Ingredients (Serves 6-8)

  • 100g/4oz butter, at room temperature
  • 100g/4oz caster sugar
  • 3 eggs, beaten
  • 1/2 tsp almond extract
  • 100g/4oz ground almonds
  • 100g/4oz self-raising flour
  • 25g/1oz instant polenta or semolina
  • Pinch of salt
For the topping:

  • 1 eating apple, cored and sliced
  • 1 Red Tractor pear, cored and sliced
  • 2 plums, pitted and sliced
  • 2 tbsp water
  • 50g/2oz granulated sugar
  • Icing sugar to sprinkle
Method

Preheat the oven to 170°C, 325°F, Gas 3. Grease and line a 20cm/8in round cake tin.Beat together the butter and sugar until light and fluffy. Add the eggs a little at a time, beating well between each addition. Stir in the almond extract.

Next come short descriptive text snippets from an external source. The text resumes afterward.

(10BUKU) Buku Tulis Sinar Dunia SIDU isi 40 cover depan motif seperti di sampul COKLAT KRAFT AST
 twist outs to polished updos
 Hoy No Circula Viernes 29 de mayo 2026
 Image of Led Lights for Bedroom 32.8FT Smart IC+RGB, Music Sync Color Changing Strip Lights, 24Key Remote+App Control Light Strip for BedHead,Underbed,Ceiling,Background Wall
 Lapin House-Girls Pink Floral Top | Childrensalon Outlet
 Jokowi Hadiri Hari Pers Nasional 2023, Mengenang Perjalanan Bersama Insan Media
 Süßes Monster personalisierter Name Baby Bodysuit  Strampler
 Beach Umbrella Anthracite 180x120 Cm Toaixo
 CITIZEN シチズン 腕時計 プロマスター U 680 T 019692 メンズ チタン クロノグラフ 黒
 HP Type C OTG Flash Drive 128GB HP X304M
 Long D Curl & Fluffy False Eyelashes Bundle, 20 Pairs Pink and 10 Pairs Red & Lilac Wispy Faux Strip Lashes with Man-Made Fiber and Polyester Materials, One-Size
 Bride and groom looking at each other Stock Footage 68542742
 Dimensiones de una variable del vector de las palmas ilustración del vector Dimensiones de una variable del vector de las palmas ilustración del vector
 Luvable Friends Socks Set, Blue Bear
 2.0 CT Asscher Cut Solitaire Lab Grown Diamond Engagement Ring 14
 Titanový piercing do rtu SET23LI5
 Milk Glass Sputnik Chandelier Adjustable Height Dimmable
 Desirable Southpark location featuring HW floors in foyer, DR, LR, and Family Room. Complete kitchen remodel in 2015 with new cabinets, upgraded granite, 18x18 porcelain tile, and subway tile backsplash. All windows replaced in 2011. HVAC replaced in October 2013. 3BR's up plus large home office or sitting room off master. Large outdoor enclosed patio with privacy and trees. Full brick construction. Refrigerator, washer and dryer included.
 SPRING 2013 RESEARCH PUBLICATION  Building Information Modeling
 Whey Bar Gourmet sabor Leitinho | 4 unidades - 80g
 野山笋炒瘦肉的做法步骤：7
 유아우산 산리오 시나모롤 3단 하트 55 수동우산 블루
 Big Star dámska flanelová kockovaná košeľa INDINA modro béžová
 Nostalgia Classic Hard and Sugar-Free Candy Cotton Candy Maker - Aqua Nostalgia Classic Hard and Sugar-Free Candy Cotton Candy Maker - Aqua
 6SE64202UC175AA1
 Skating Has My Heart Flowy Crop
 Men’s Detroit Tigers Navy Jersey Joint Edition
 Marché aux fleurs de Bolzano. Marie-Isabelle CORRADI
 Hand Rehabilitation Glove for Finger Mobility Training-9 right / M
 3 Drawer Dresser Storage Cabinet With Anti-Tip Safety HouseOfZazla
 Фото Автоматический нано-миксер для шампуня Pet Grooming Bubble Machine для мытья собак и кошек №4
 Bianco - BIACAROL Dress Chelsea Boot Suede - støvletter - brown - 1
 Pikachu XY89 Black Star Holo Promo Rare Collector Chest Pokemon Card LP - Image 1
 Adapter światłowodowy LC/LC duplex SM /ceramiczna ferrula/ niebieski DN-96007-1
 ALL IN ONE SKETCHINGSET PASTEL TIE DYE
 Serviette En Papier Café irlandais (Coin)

In a separate bowl, mix together the ground almonds, flour, polenta or semolina and the salt. Gently fold into the creamed mixture using a large metal spoon. Pour into the prepared tin, level the surface and bake for 35-40 minutes, until the surface is firm to the touch. Cool on a rack for 15 minutes then lift the cake from the tin and cool.

For the topping, place the apple, pear, plums, water and sugar in a nonstick frying pan. Cook over a medium heat, stirring often, until the fruit begins to caramelise. Cool slightly then tip on top of the cake. Leave to cool completely. Sprinkle with icing sugar to serve.